Di antara sarjana asing yang turut membantu pengembangan IAIN adalah Karel Steenbrink
dan Martin van Bruinessen, keduanya asal Belanda, yang masing-masing pada 1970an dan
1980an mengajar dan membantu pengembangan Program PascaSarjana di IAIN Yogyakarta
dan IAIN Jakarta. Mereka memberikan kontribusi tidak hanya dalam penguatan pendekatan
baru dalam kajian Islam yang lebih bersifat historis, antropologis dan sosiologis, tetapi juga
menghasilkan lulusan S2 dan S3 yang kemudian memainkan peran penting dalam
pengembangan IAIN dan Program PascaSarjananya.
Meski banyak kemajuan PTAIN dan kajian Islam, masih ada kalangan yang tidak bisa
menggunakan nalar obyektifnya, dan sebaliknya menggunakan cara pandang konspiratif.
Misalnya, dalam konperensi internasional Dynamics of the Studies on Indonesian Islam:
Tribute to Karel Steenbrink and Martin van Bruinessen di Program PascaSarjana UIN Sunan
Kalijaga seorang audiens dalam kesempatan tanya jawab menyatakan tentang adanya
konspirasi jahat untuk meminggirkan Islam dan Muslim di Indonesia.

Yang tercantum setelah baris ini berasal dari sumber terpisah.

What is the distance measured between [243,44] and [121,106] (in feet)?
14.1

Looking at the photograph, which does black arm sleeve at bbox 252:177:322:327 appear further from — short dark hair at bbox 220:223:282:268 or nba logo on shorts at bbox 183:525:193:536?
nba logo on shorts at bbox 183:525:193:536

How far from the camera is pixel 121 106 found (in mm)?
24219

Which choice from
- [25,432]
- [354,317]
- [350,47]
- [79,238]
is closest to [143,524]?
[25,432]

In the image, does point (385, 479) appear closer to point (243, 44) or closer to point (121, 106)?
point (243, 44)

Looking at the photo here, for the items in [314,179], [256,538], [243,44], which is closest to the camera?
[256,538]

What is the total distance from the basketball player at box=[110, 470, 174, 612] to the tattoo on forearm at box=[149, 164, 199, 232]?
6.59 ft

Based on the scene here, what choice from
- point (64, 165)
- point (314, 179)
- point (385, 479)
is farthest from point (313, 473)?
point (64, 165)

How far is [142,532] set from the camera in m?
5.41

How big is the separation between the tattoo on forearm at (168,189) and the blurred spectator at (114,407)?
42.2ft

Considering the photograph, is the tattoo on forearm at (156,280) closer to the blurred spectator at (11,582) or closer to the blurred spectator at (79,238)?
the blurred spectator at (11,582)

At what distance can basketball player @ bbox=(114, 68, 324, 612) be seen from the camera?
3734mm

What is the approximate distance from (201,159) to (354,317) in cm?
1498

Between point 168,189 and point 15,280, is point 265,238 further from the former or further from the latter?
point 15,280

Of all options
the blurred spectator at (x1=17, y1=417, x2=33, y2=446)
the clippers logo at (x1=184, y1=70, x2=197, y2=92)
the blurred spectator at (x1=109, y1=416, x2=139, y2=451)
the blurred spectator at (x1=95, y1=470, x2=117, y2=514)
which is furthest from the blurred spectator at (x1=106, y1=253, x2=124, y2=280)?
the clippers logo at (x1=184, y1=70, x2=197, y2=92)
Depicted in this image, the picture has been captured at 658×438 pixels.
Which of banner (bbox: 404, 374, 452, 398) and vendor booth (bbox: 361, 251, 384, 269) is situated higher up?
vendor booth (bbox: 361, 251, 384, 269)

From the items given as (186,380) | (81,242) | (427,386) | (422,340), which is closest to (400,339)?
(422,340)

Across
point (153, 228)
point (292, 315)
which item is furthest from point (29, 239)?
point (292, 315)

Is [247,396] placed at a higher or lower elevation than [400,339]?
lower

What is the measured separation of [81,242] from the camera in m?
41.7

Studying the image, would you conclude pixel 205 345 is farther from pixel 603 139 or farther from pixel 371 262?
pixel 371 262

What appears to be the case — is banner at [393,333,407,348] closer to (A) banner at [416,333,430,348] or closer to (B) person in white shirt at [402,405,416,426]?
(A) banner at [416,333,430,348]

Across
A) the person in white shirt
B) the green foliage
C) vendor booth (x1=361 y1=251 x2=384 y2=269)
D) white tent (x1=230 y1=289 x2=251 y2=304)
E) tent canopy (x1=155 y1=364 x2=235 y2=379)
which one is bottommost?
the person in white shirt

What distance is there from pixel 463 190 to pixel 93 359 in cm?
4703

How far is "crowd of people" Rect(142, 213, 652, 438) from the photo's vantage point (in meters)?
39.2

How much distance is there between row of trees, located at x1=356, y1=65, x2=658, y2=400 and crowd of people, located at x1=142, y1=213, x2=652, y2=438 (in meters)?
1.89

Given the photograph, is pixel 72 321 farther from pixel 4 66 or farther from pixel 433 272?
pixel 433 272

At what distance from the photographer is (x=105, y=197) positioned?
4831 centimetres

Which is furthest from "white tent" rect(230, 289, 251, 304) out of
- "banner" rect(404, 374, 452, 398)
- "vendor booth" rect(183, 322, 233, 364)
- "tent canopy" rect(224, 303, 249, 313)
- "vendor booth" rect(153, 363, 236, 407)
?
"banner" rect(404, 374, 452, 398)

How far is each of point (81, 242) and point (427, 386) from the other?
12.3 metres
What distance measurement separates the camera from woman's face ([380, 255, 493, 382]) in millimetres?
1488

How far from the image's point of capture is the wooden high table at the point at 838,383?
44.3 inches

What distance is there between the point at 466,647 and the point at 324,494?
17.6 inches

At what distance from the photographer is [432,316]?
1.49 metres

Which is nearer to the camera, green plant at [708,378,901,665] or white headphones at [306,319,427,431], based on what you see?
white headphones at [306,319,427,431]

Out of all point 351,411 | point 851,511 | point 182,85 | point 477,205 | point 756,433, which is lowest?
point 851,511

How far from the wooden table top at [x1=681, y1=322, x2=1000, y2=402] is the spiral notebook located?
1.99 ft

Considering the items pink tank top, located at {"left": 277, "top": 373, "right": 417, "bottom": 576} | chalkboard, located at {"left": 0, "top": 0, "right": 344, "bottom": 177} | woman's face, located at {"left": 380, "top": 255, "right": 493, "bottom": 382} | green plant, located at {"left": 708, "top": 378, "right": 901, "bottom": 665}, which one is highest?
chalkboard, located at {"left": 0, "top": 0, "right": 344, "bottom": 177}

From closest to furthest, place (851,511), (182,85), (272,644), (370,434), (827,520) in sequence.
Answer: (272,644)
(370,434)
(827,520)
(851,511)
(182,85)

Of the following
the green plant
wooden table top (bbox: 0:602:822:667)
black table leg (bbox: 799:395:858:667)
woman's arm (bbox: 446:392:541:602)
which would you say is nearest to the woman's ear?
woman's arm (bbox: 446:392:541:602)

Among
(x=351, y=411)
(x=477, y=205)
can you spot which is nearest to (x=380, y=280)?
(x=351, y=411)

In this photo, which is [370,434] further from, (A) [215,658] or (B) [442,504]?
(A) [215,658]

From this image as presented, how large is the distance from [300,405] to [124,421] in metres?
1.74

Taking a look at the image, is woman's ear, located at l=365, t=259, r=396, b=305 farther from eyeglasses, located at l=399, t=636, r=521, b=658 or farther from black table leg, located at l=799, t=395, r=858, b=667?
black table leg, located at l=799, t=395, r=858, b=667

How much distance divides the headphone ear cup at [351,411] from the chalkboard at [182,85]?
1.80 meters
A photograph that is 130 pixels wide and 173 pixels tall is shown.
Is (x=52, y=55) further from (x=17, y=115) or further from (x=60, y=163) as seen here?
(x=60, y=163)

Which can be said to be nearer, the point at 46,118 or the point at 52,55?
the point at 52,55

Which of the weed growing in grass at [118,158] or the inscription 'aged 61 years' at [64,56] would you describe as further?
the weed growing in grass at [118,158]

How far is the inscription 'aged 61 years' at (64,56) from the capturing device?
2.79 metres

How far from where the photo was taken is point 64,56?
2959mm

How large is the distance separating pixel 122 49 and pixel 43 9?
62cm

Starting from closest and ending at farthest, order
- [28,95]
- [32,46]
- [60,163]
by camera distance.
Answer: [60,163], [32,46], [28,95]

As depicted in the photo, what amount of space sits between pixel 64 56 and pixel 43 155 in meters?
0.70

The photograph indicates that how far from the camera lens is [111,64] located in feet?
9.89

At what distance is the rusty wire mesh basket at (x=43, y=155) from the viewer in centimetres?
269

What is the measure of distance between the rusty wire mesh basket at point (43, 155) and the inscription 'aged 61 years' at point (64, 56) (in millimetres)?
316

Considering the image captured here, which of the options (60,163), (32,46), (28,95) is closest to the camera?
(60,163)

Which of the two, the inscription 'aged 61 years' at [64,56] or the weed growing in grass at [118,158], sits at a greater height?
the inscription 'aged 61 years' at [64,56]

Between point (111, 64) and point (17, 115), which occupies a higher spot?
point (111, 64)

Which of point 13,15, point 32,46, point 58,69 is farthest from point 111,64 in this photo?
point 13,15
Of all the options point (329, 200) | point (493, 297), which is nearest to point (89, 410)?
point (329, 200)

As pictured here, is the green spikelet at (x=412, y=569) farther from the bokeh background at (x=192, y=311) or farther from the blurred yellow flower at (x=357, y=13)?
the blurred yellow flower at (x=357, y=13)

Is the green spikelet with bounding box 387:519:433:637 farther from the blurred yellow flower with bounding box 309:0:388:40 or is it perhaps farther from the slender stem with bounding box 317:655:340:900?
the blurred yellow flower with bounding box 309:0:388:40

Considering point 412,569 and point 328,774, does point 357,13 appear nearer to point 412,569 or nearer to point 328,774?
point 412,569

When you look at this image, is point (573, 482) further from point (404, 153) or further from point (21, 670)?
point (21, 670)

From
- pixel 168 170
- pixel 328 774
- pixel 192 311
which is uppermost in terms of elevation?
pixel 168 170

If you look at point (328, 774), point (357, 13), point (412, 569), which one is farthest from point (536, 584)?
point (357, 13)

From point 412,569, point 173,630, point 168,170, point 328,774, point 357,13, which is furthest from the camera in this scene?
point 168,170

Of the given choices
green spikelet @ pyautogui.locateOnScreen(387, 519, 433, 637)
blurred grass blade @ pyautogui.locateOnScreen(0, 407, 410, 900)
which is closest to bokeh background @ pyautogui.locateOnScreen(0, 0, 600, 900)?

Lebih jauh dengan cara pandang konspiratif, dia mengutip kembali dikotomi usang tentang
minna dan minhum terkait politik dan pemerintahan. Dengan oposisi biner ini,
pemerintahan yang ada bukanlah pemerintahan umatbukan dari kita (minna).
Cara pandang konspiratif jelas sangat merugikan. Pertama, menciptakan majority with a
minority complex, ungkapan sosiolog Belanda, W.F. Wertheim ketika mengamati sosiologi
umat Islam Indonesia di masa Presiden Soekarno. Cara pandang seperti ini sempat bertahan
dalam psikologi sebagian umat Islam Indonesia pada masa Orde Baru. Akibatnya, mereka
terhinggapi perasaan menjadi tamu di rumahnya sendiri.
Meski cara pandang konspiratif sebagian besarnya memudar sejak 1990an, masih ada saja

yang menyanyikan lagu lama ini. Cara pandang seperti itu sepatutnya diganti dengan
kacamata lebih positif; bersyukur dengan kemajuan yang telah dicapai, mengoreksi hal-hal
yang belum pada tempatnya dan turut melakukan apa yang bisa dilakukan untuk lebih
memajukan umat dan negara-bangsa Indonesia.